§ What is required
Your copy should start at the line with "Standard Room, 2" and end at the line with "شاليه غرفتين 100" in the data below. Transcribe only those lines, exactly, pictures excluded.

§ Provided records

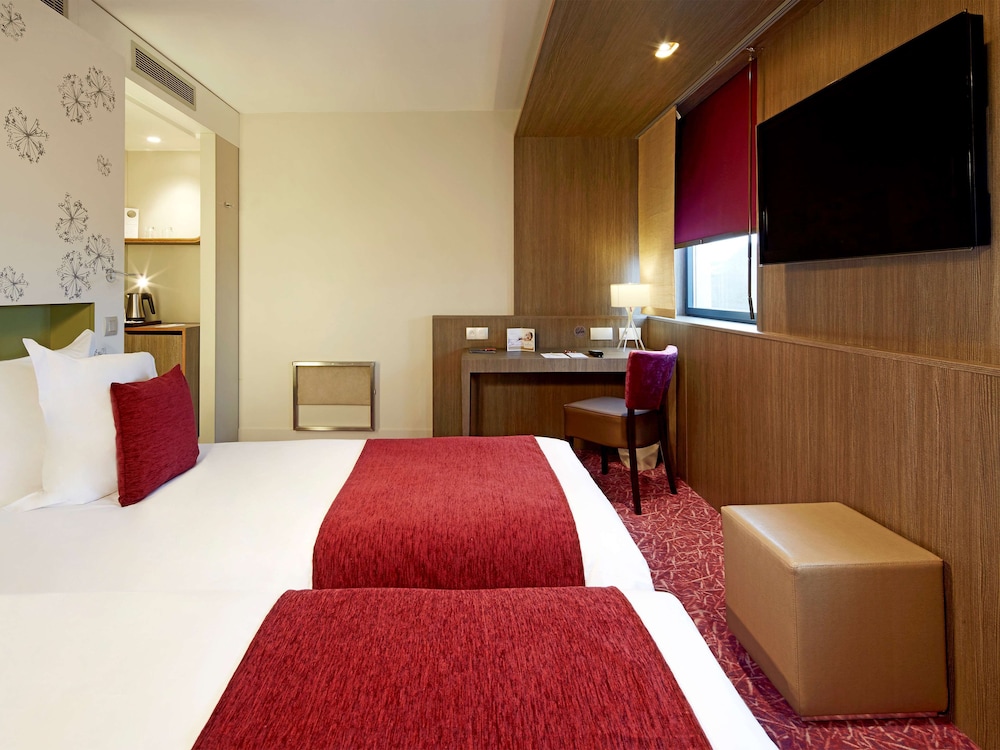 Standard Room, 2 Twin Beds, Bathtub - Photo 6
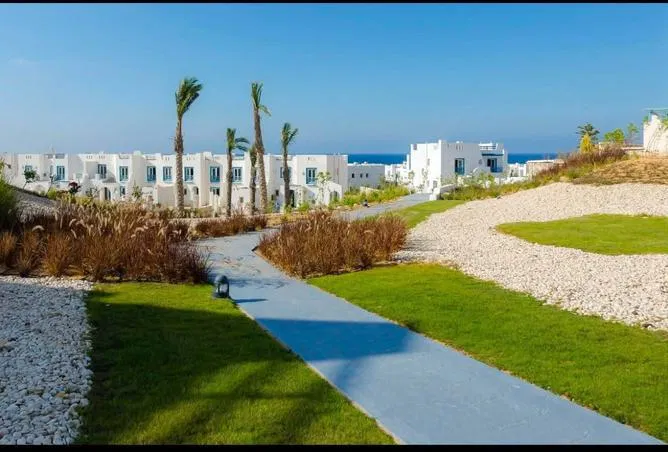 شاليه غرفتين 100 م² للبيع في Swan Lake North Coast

---

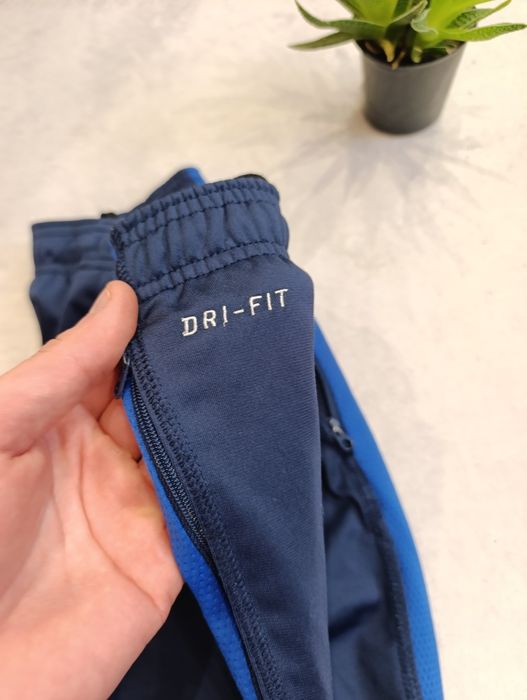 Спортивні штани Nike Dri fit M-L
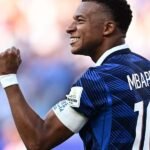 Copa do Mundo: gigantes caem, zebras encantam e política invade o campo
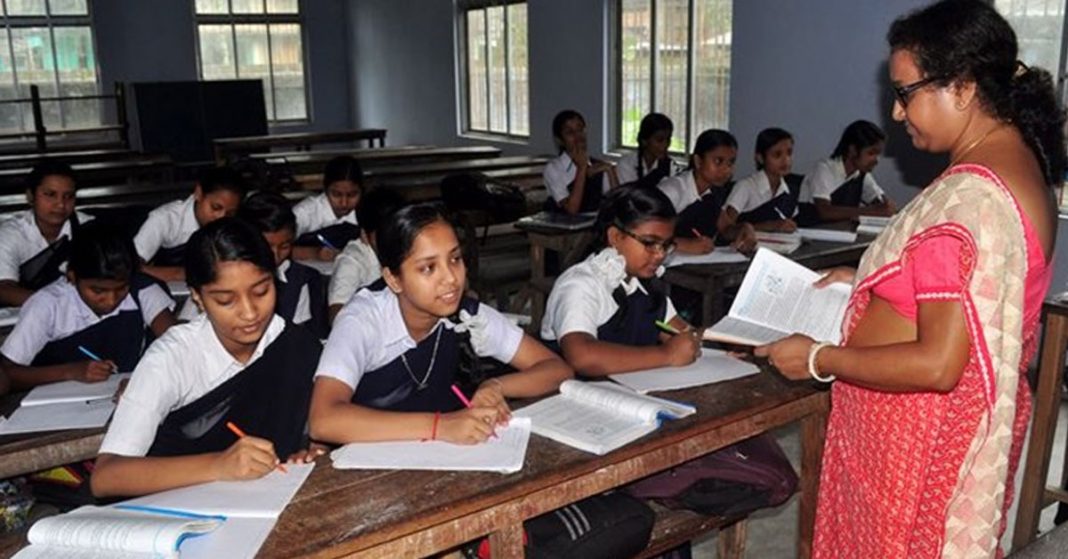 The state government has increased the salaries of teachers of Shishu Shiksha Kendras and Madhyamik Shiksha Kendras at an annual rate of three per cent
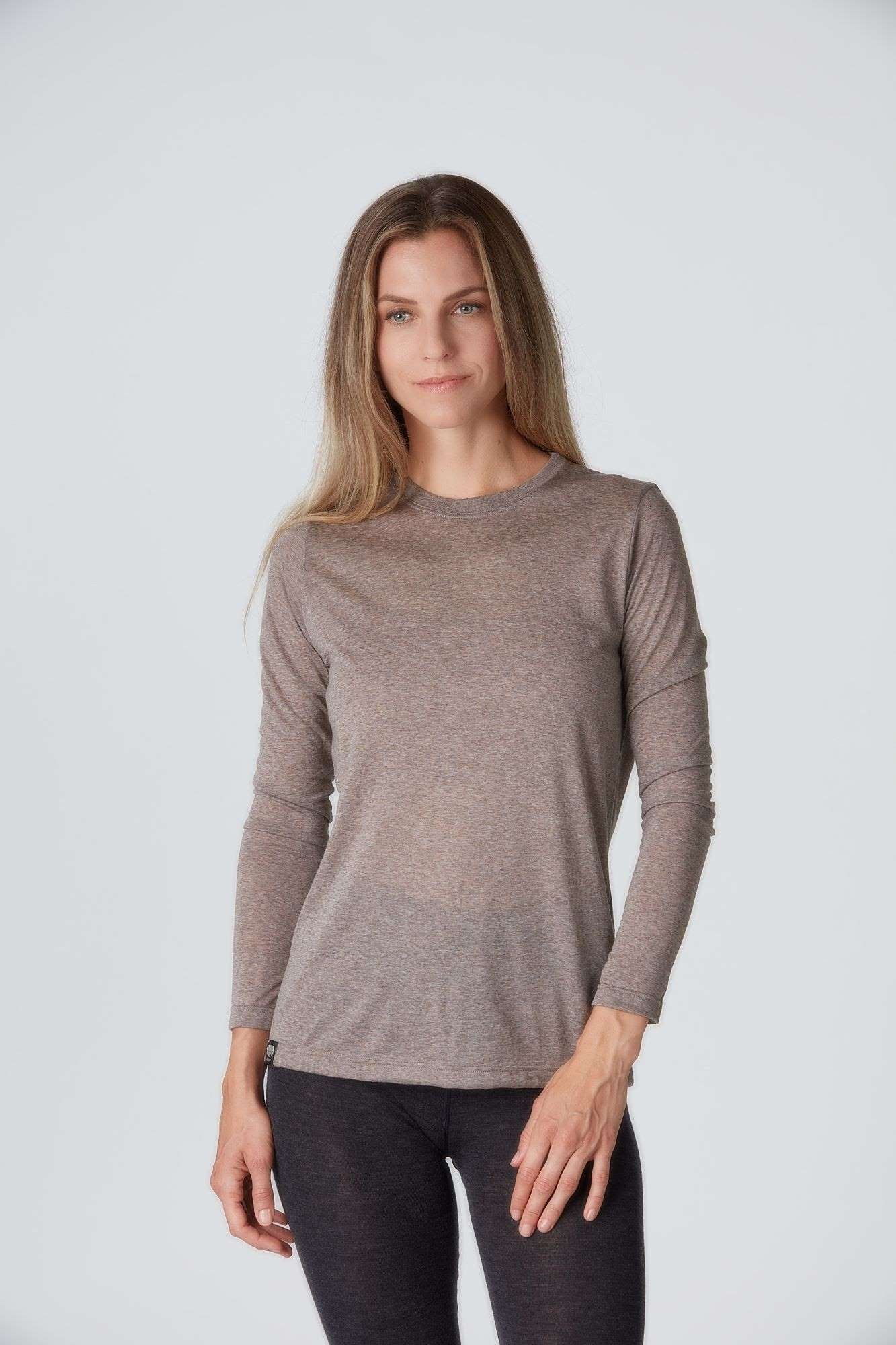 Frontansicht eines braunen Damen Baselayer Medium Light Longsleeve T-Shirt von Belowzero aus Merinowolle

§ Solution to this task
 Standard Room, 2 Twin Beds, Bathtub - Photo 6
 شاليه غرفتين 100 م² للبيع في Swan Lake North Coast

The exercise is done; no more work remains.